[Task details] Nothing but the lines below from the one with "Dior Diorific Houndstooth" through the one with "2 Pcs Rabbit" should be output, each exactly as given, and no pictures.

Listed entries START

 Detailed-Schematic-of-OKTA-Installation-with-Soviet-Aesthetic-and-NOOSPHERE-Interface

Listed entries END
Listed entries START

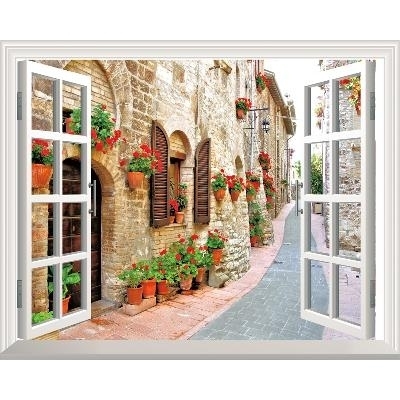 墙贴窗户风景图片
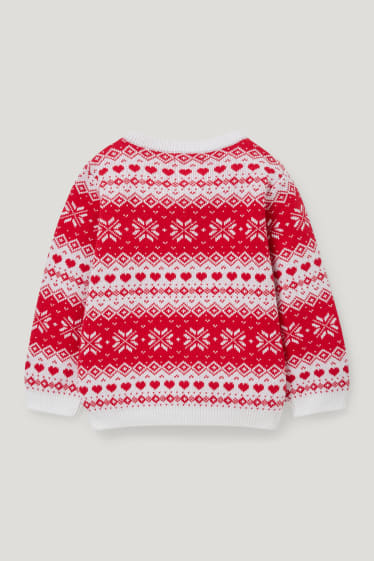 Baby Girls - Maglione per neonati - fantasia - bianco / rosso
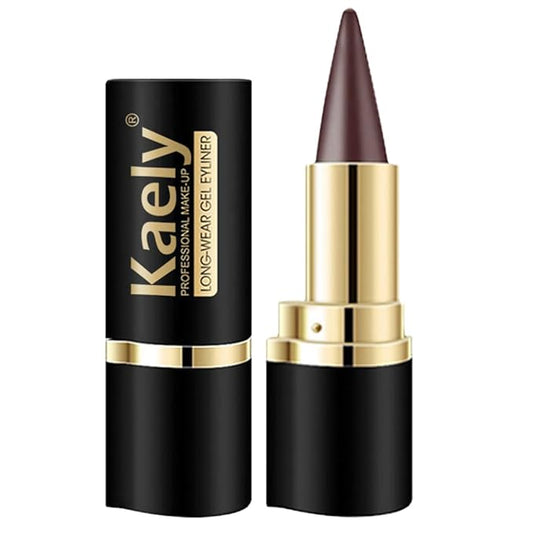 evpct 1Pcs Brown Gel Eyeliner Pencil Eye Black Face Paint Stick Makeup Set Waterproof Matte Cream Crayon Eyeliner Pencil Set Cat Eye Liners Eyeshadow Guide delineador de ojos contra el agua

Listed entries END
Listed entries START

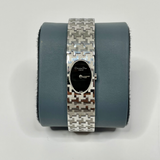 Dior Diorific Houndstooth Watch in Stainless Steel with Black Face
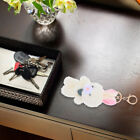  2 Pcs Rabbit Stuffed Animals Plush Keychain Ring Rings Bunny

Listed entries END

[Task solution]
 Dior Diorific Houndstooth Watch in Stainless Steel with Black Face
  2 Pcs Rabbit Stuffed Animals Plush Keychain Ring Rings Bunny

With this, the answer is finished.